A lot of the reviews highlight a specific weakness of her Jirel and Smith stories, a stylistic nuance that becomes much more pronounced when all of a given character’s adventures are collected in the same volume. The problem is this: Although Moore’s worlds are vividly realized, and her use of language and beauty of structure easily set these tales apart as classics, her classic characters don’t really do much of anything in the stories themselves. Rather, they watch as something very interesting happens to other people. They often emerge victorious against their enemies by tapping some inner strength or reserve, or taking some internal journey. Though Jirel comes armed with a sword and Northwest Smith packs his trusty heat gun, the weapons usually remain holstered and the stories are more psychological horror that action adventure.
Not so here, in Judgment Night which almost seems to have been written in reaction to that specific criticism. Far from a wallflower, Juille spends the last several chapters of the book literally blowing apart an entire planet with an unthinkably powerful super-gun. It’s a thrilling cat-and-mouse scene filled with carnage, collapsing buildings, and all sorts of entertaining mayhem.
Originally written as a two-part serial in 1943’s Astounding (edited by that titan of early SF, John W. Campbell, Jr.), Judgment Night came 10 years after Moore’s Weird Tales debut, when most of the Jirel and NWS stories were already behind her. It’s a transitional piece, of sorts, bridging the early era populated largely by her Jirel and Smith stories and her later material (much of it also published by Campbell) written in collaboration with her future husband, Henry Kuttner (the two were married in 1940, but this story shows very little if any Kuttner influence and has never been credited to him).

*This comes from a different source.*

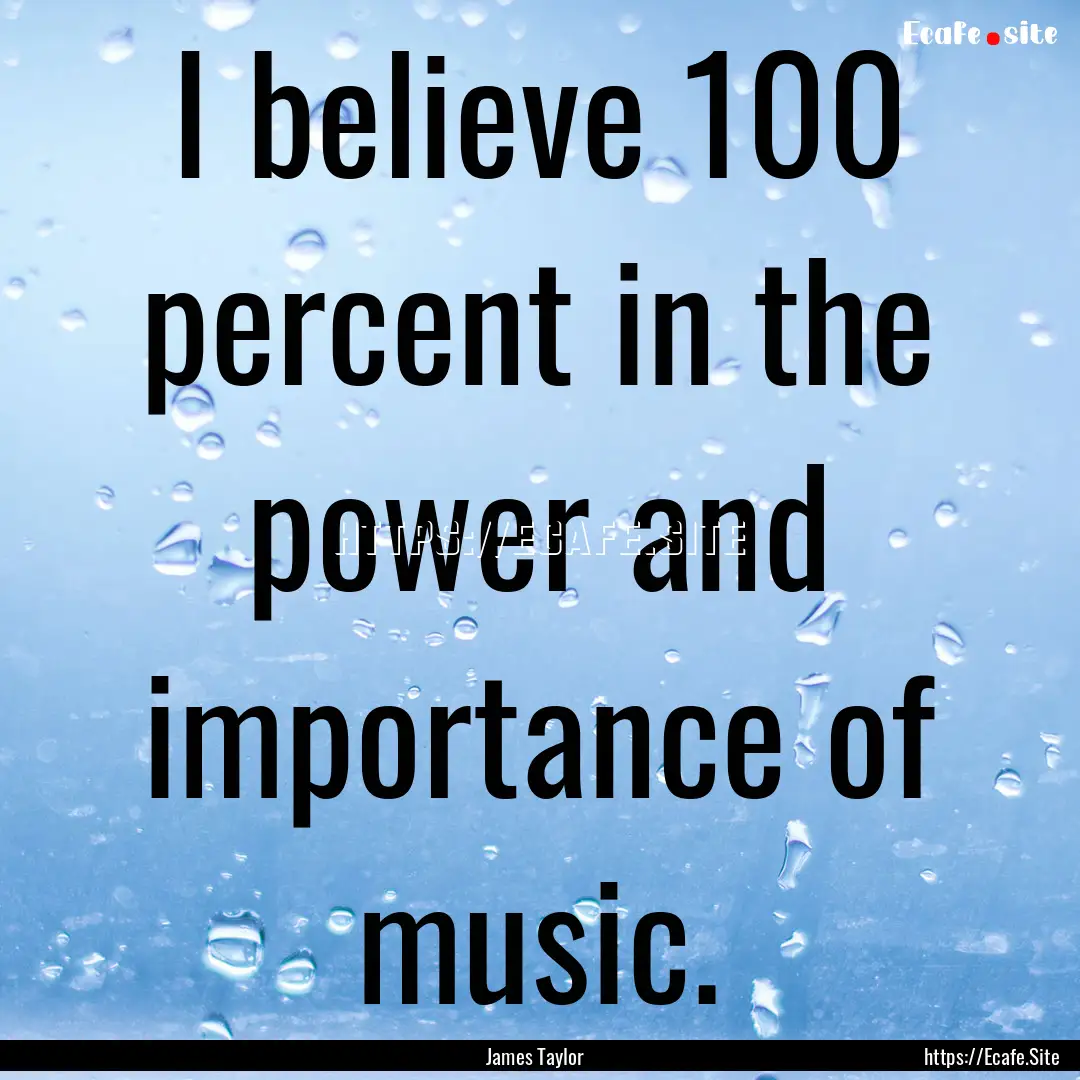 I believe 100 percent in the power and importance.... : Quote by James Taylor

The legendary Gnome Press published a hardcover edition of Judgment Night in 1952, complete with an effective cover from Frank Kelly Freas. That edition also included the short stories “Paradise Street,” “Promised Land,” “The Code,” and “Heir Apparent,” a good selection of Moore’s non-series character, non-Kuttner material. The 1965 Paperback Library version I read (pictured above) lacks these stories, focusing only on the title tale.
Although I like the Gnome Press edition and the other tales included therein are worthy additions to Moore’s canon, Judgment Night easily stands on its own as a great classic of Pulp Era science fiction.